In regions subject to damaging storms and cyclones, the health of their coastal zones including mangroves, salt marshes, seagrass beds and coral reefs are a poor 57 out of 100, the index found. Tropical cyclones cause an estimated 26 billion dollars a year in lost property.

"Coastal habitats mitigate the damage that storms cause.... We must try to restore naturally protective coastal habitats," Elizabeth Selig, director of Marine Science at Conservation International, said in a statement.

The Index "reveals the areas that must be improved in order to provide our children and their children a healthy thriving ocean," said well-known oceanographer Sylvia Earle who is explorer-in-residence at National Geographic.

"This must be done as if it's a matter of life and death - because it is," Earle said in a statement.

Yet another independent assessment of ocean health reached a similar conclusion.

The world's oceans are changing faster than previously thought with potentially dire consequences for both human and marine life, said the State of the Oceans report released last week by the International Programme on the State of the Ocean (IPSO) and the International Union for the Conservation of Nature (IUCN).

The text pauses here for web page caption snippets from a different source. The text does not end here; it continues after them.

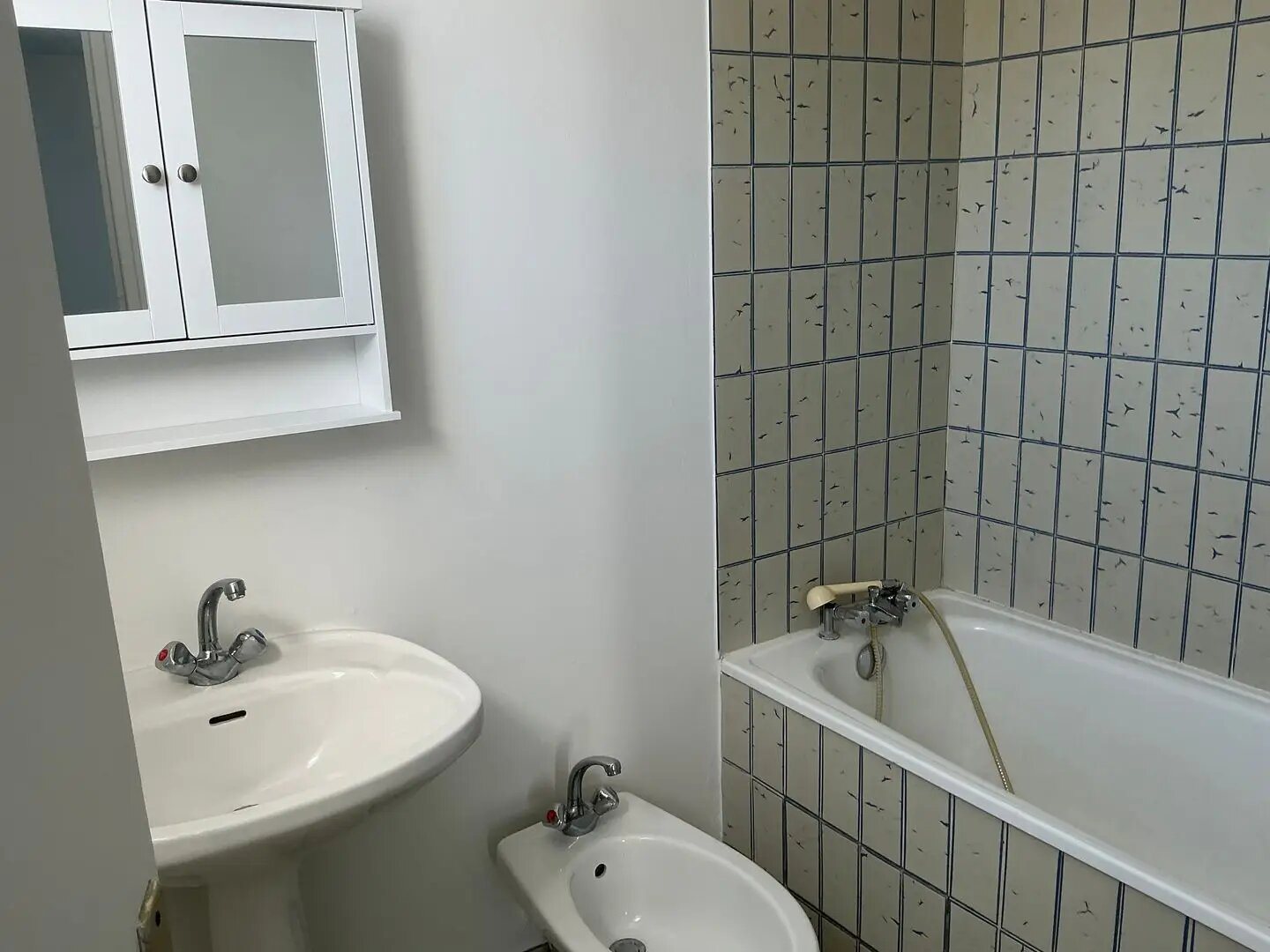 Maison à vendre, 115m², Saclay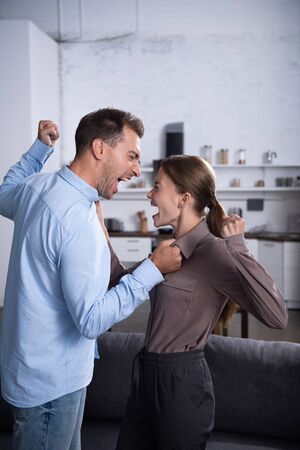 Choosing Barker Family Mediation When You Need Care, Caution and Clarity Harlow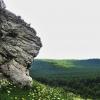 Biskupice - Olsztyn k./Częstochowy, Magdalena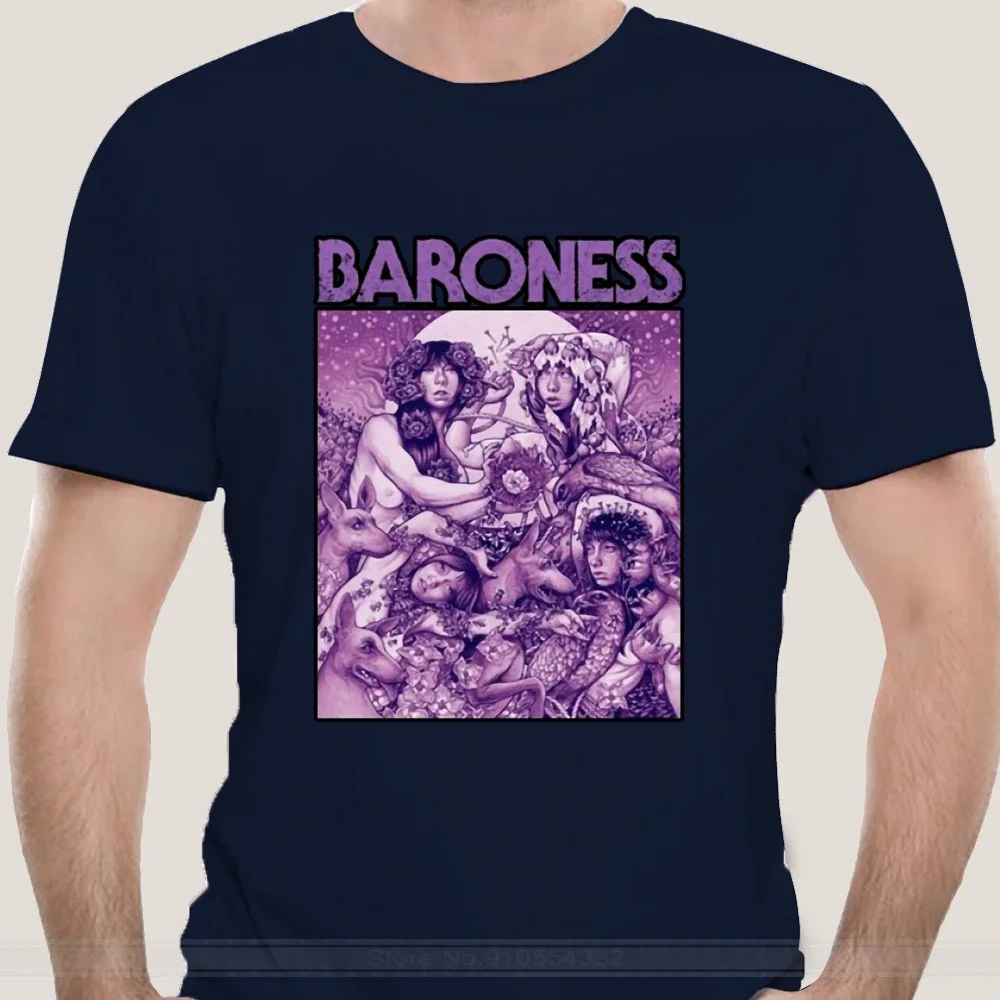 ΠΡΠΆΡΠΊΠ°Ρ Ρ
Π»ΠΎΠΏΠΊΠΎΠ²Π°Ρ ΡΡΡΠ±ΠΎΠ»ΠΊΠ° Baroness Lila Cover-Neu Und Offiziell ΠΡΠΆΡΠΊΠ°Ρ Ρ
Π»ΠΎΠΏΠΊΠΎΠ²Π°Ρ ΡΡΡΠ±ΠΎΠ»ΠΊΠ° Baroness Lila Cover-Neu Und Offiziell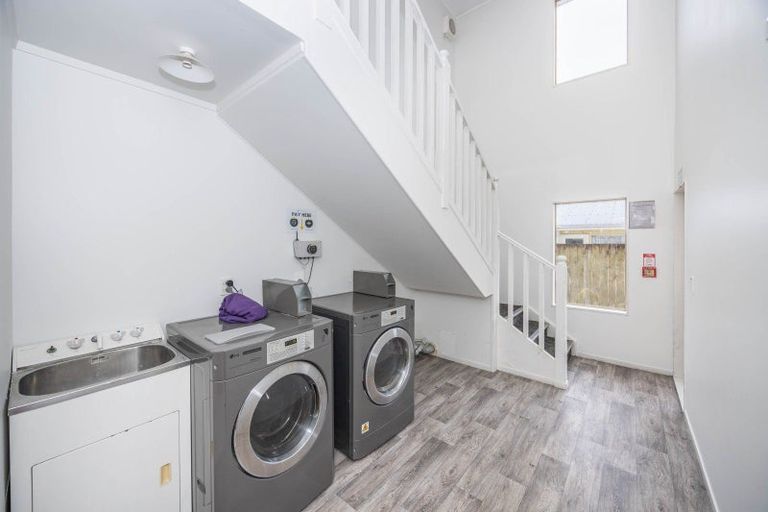 Photo of property in 5a Inverness Avenue, Hamilton East, Hamilton, 3216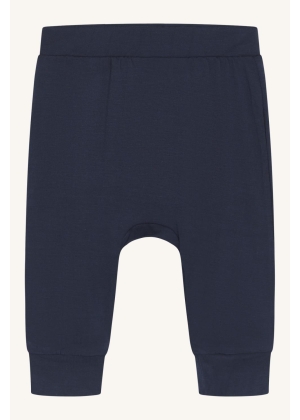 HCGusti - Joggingtrousers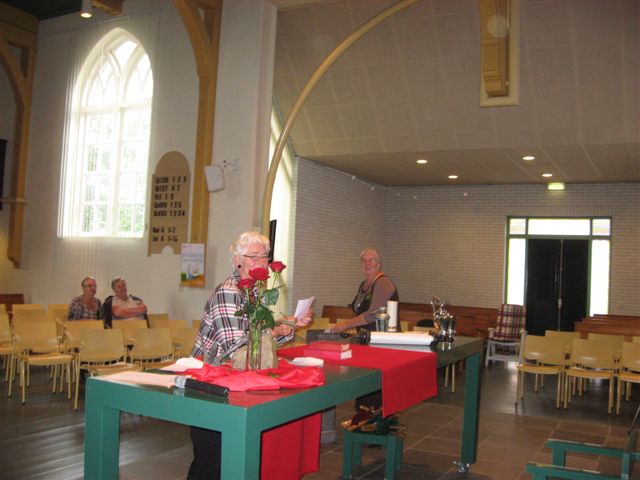 startzondag2010--045.jpg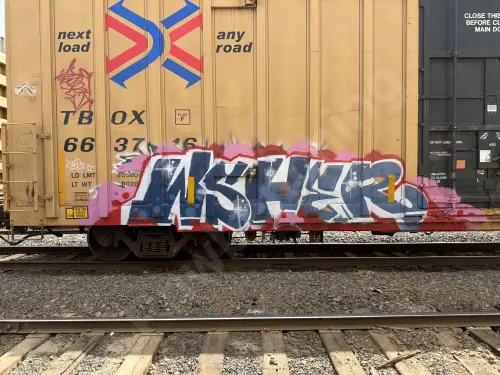 TBOX663716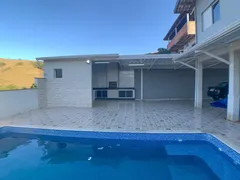 Casa com 5 Quartos à venda, 202m² no , Morungaba - Foto 18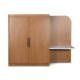 Executive Suite Closet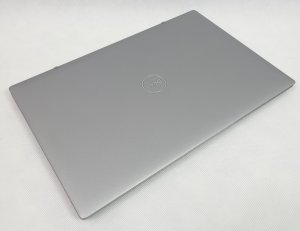 Laptop Dell Latitude 3320 13.3" IPS FHD Intel i7-1165G7 8/512GB W11P Szary 12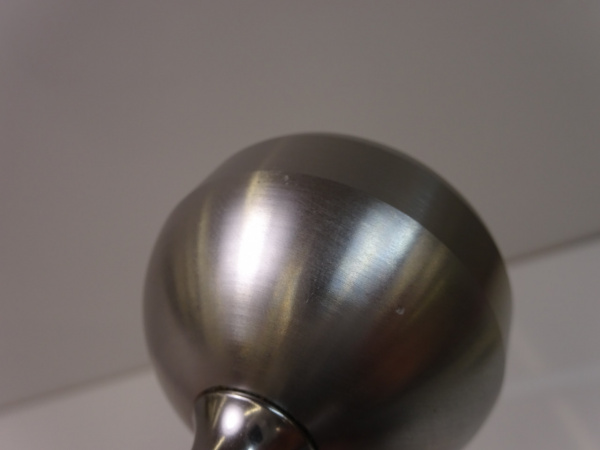 22キススペシャル 45夢屋ノブ・替スプール付 | イシグロ公式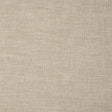Sanderson Helena Almond Fabric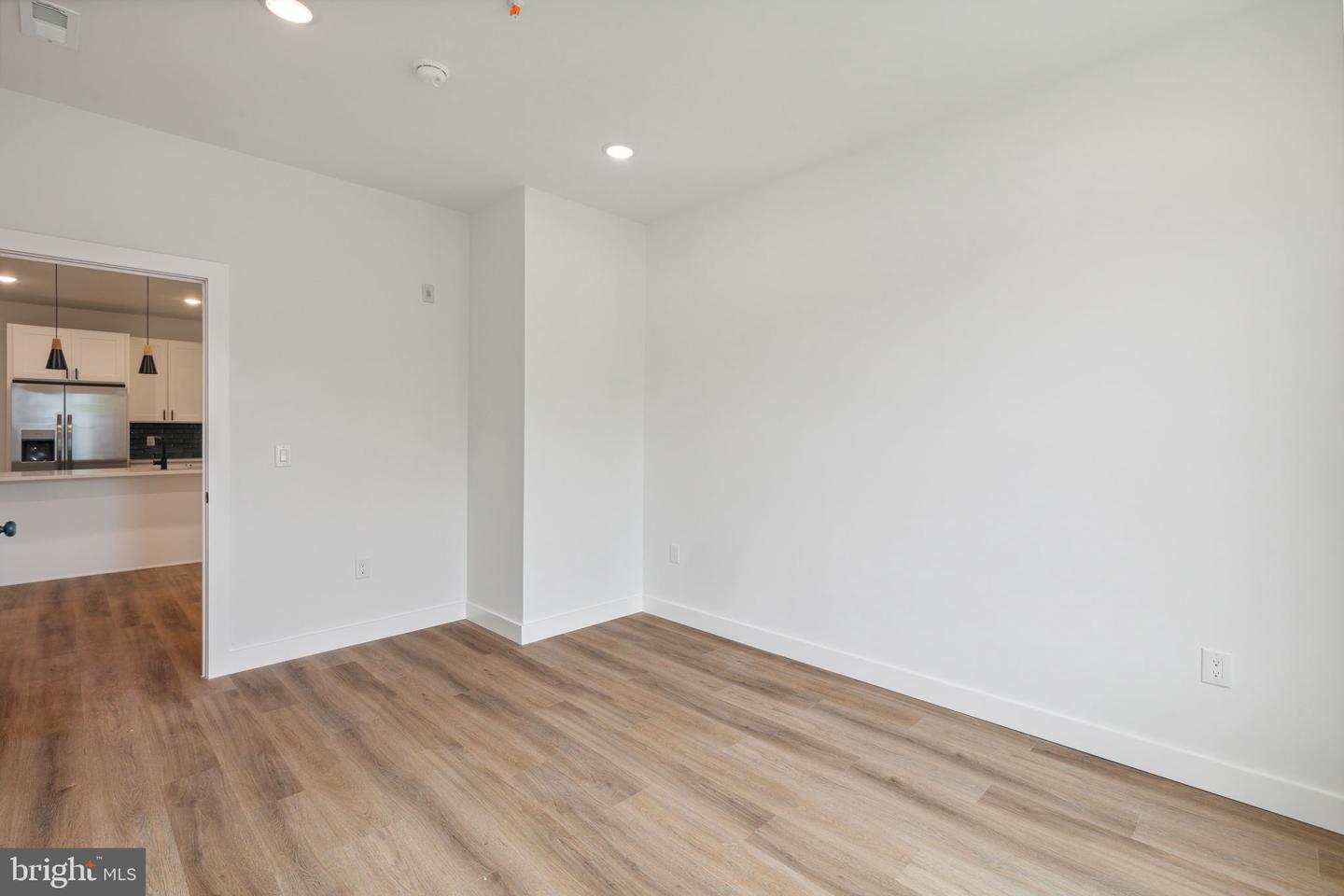 417 W Cumberland St Property Photo 64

Climate change combined with other impacts like chemical pollution and overfishing have put the oceans into a downward spiral.

"We are seeing greater change, happening faster, and the effects are more imminent than previously anticipated," Alex Rogers of the University of Oxford and IPSO's scientific director told IPS.

"What these latest reports make absolutely clear is that deferring action will increase costs in the future and lead to even greater, perhaps irreversible, losses," said Dan Laffoley of the IUCN in a release.